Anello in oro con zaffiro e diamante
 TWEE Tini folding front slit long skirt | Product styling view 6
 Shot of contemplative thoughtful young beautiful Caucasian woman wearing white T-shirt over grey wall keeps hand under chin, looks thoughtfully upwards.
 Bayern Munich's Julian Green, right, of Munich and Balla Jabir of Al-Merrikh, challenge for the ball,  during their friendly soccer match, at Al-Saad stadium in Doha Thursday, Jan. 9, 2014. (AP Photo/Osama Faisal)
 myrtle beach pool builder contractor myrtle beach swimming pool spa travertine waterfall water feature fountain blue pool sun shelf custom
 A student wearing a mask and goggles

========================================

- **Goal of the exercise**: Retype, exactly as shown, the lines from the one with "Bayern Munich's Julian" through the end of the records.

- **Solution below**:
 Bayern Munich's Julian Green, right, of Munich and Balla Jabir of Al-Merrikh, challenge for the ball,  during their friendly soccer match, at Al-Saad stadium in Doha Thursday, Jan. 9, 2014. (AP Photo/Osama Faisal)
 myrtle beach pool builder contractor myrtle beach swimming pool spa travertine waterfall water feature fountain blue pool sun shelf custom
 A student wearing a mask and goggles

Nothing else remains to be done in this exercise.